Black Rain (1989)
10/10
"Kuroi ame" (Japan) versus "Black Rain" (USA) is an absurd confrontation
4 September 2012
Warning: Spoilers
To start with, both movies of 1989 - "Kuroi ame" (Japan) and "Black Rain" (USA) - are quite familiar to me and they both are quite impressive: the former - as a historical drama and the latter - as a dramatic crime/action. It was the American feature that made me stumble upon "Kuroi ame" (it really had looked strange to me that the movies with the same title had been of the same year as well). To compare the two is futile. They do not handle the same material (though, the Ridley Scott feature touches upon the black rain topic appropriately to say the least) and belong to different genre sections. Watch "Black Rain" after "Kuroi ame" and you will have an impression that the doppelgangers of those young Japanese bikers, who appear at the very end of "Kuroi ame", have a story of their own in "Black Rain".

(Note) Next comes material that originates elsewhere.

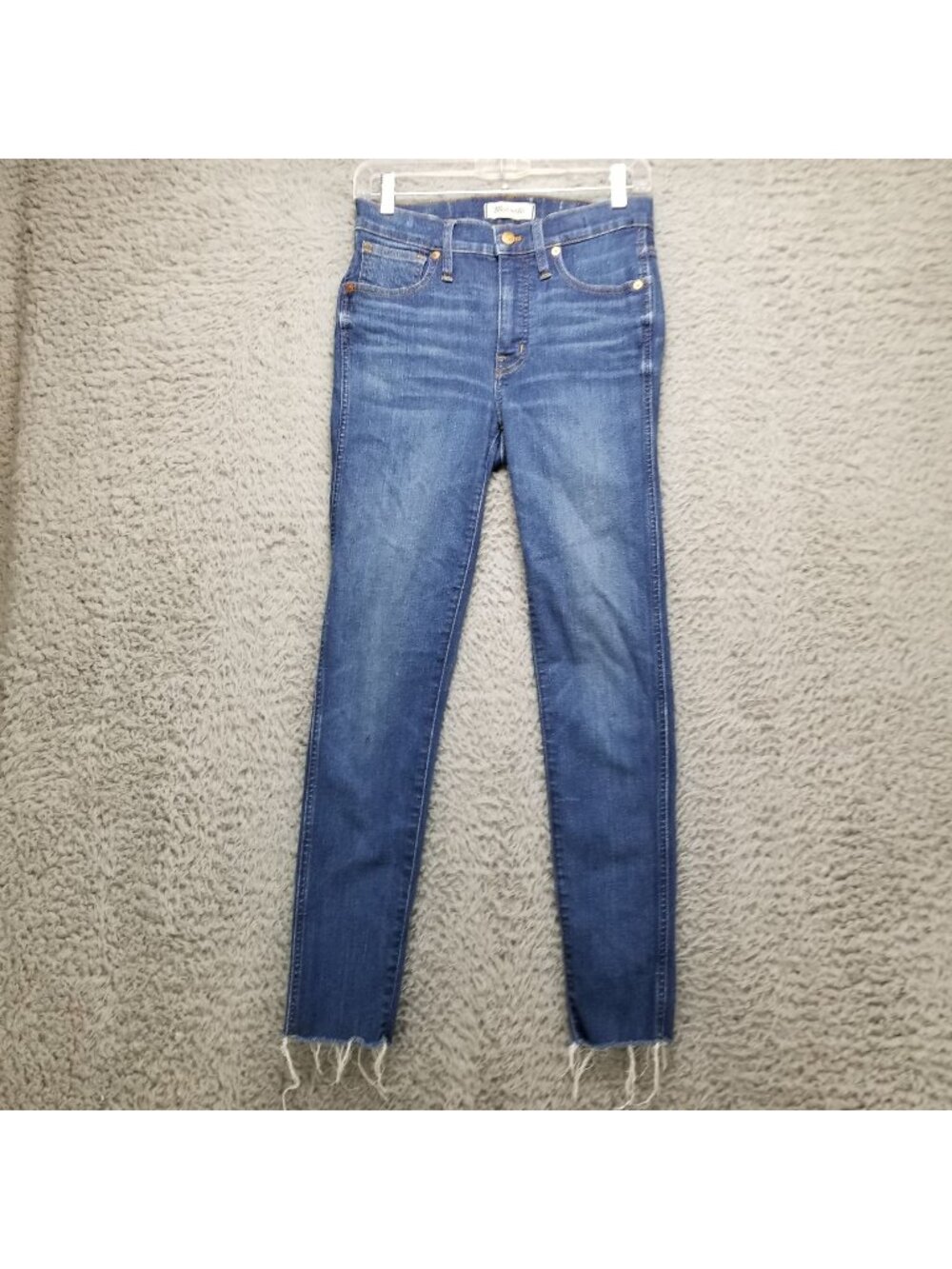 Madewell Jeans Womens 27 Blue High Rise Skinny Stretch Frayed Hem *Read*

My review concerns the Japanese movie (no surprise) that consists of two parts (surprise?): the original black and white feature plus the colour "alternate" ending, which is actually the real ending of the movie with the events that never collide with the first part, but add new details to the tragic story. Don't be afraid to watch the colour excerpt. It will not spoil the atmosphere of the movie: it will expand your impression. No use re-telling the story itself, so just a few words about some striking features of "Kuroi ame" that impressed me the most.

The dwellers of Hiroshima right after the bombing are quite disturbingly depicted – the director does in cinema what previously was brilliantly done in anime ("Hadashi no gen" – remember?).

The young girl experiences radiation sickness with uncommon patience and courage (no fits of suicidal behaviour), losing her beauty and strength every single day.

Stone figures of those who perished after the bomb had fallen look like the frozen corpses of those who caught the atomic flesh-melting flash.

The unstable young Japanese man fights any vehicle as soon as he hears the engine running but can fight his illness when he is helping his beloved.

The final frames, showing the modern Japan, westernized to a high degree, selling out pieces of Hiroshima to the tourists, and quite possibly not knowing definitely who dropped the bomb and why (and perhaps not caring much), are really an embodiment of the words "unjust peace", which you hear at the very end of the film.

Suppose, the director had a headache: either he should include the colour part into the original black and white feature or not (Mr Takashi Miike told us in the interview that the events of the colour part were not in the novel itself). Well, my point is that he should have. It draws a good bold line under the title and keeps the message of the film running. The viewers do not have philosophical exchanges whether the girl survives or not any more (you could only predict, if you had not seen the colour part), but can dwell upon more profound topics instead (like the one raised by the dying man in the film). And the bloody teeth would have never impressed the audience like this, if it were not in colour.

No drum roll, just a 10 out of 10 for a very good reason. Thank you for attention.